Mentre ieri sera, a Sorrento, mi consegnavano il Premio Speciale Biagio Agnes 2016 per il giornalismo, ho realizzato che è stata la pratica sportiva ad insegnarmi quale fosse il significato della parola “informazione”, dunque anche del fare informazione. In-formare è verbo che appartiene al casato dello sport: mettersi in forma, stare in forma, raggiungere il picco di forma. Dove “forma” non è tanto l’aspetto esteriore di un fisico quanto quell’armonia tra testa, corpo e cuore che fa di un semplice atleta il vincitore di una competizione. La scrittura, negli anni a seguire, mi ha dato l’occasione di sporgermi oltre lo sport: se nello sport ciò che conta è arrivare un attimo prima dell’avversario, nell’informazione – oltre alla tempistica del dare una notizia – giace l’avventura di spingersi un centimetro più “dentro” di altri nella riflessione. Fino a cogliere un frammento della sua verità più intima: è l’informazione che mantiene in-forma il pensiero di una città, di una collettività, il sapore di una libera riflessione.

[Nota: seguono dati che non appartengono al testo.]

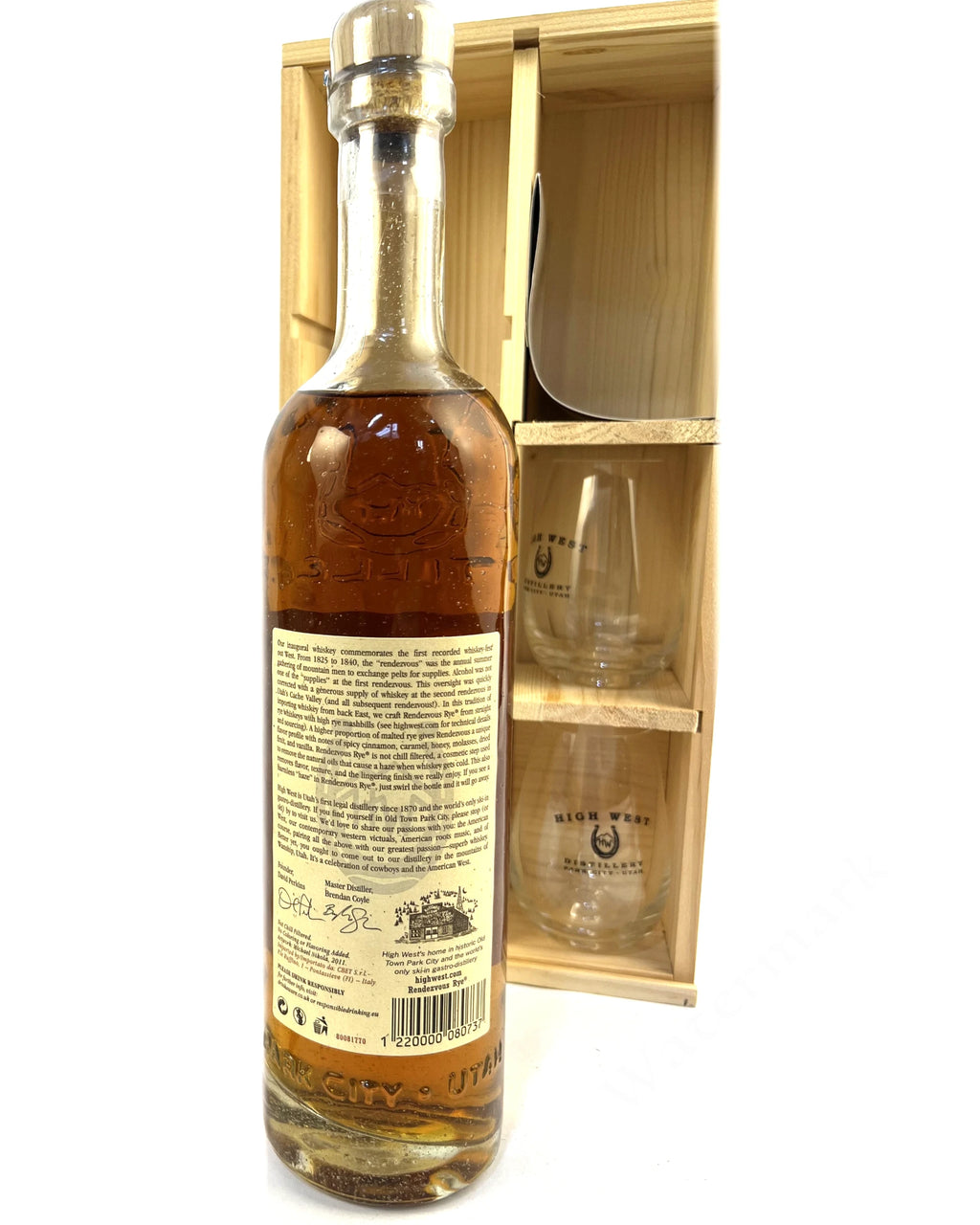 Rendezvous Rye 2019 with gift box and glasses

Per qualcuno, come il sottoscritto, la scrittura è diventata nel tempo una sorta d’annunciazione: anche rivelazione, dunque rivoluzione. Scrivendo di altri, svelo me stesso al lettore, guadagnando una conoscenza più vera anche di me stesso: facendo i conti con ciò che accade, mi accorgo di essere anche il frutto di ciò che mi attraversa, delle notizie che mi interpellano, non solo di ciò che la scuola mi ha lasciato in dote. Da questo punto panoramico, il mio giornalismo non è un’informazione “di” carcere ma è un’informazione “dal” carcere: sono prospettive diametralmente opposte. Chi scrive “di” carcere rischia di comporre dei monologhi, dei soliloqui: il carcere diventa materia di riflessione. Chi scrive “dal” carcere fa del carcere – che, allargato, diventa la miseria umana – la postazione dalla quale scrutare la realtà quotidiana. Da dietro le sbarre e il cemento si può, dunque, discutere di economia, di statistica, di teologia, di arte culinaria: l’inedito della prospettiva arricchisce la riflessione, il leggere la storia dal punto di vista dei poveri non è come leggerla dal punto di vista dei potenti, dallo scantinato non è come dall’attico. Riconosco che annidano qui le radici del mio giornalismo, ancora più tentativo che conquista: nei sottofondi umidi della società, mi sono imbattuto in quell’umano che, spremuto, lascia fuoriuscire una freschezza assai ardita da trovare altrove.
Un premio, inutile nasconderlo, fa sempre piacere: a chi dispiace piacere? Per me, oltretutto, è un onore essere valutato, almeno una volta, dal peso delle parole più che dalla veemenza dello stile che mi appartiene. Questo mi è stato possibile perchè, in annate complicate, “Il Mattino di Padova” – nella persona di Omar Monestier e, poi, Antonio Ramenghi, Pierangela Fiorani, Paolo Possamai – mi ha aperto le porte facendomi sentire “a casa”, libero. E’ stata l’occasione di fare i conti con un mondo fino allora sconosciuto, di apprendere l’arte di leggere l’universale nel particolare di una notizia di quartiere, di lasciarmi ammaliare dai tentacoli di una città che ha fatto dello straniero il vessillo e la croce. Dove la guerra, quando s’accende, non si conduce con le bombe delle contraeree ma con le lame finissime dei fioretti. Anche le notizie sono lame: accettare il rischio di tagliarsi è procurarsi l’opportunità di uscirne diversi dopo quell’incontro. Come quando m’inoltro nelle parole dello scrittore Camon, penna capace di universale senza per questo mai svilire il particolare. Dalla terra al cielo.
Comporre un giornale è un lavoro artigiano: si entra in contatto con una notizia, ci si siede accanto, s’ascolta la sua voce. Poi le si presta la penna per farla diventare “buona-giornata”, senza per forza taroccarne la verità. Anche se nera, è sempre un’occasione per stare-in-forma. Per stare al passo.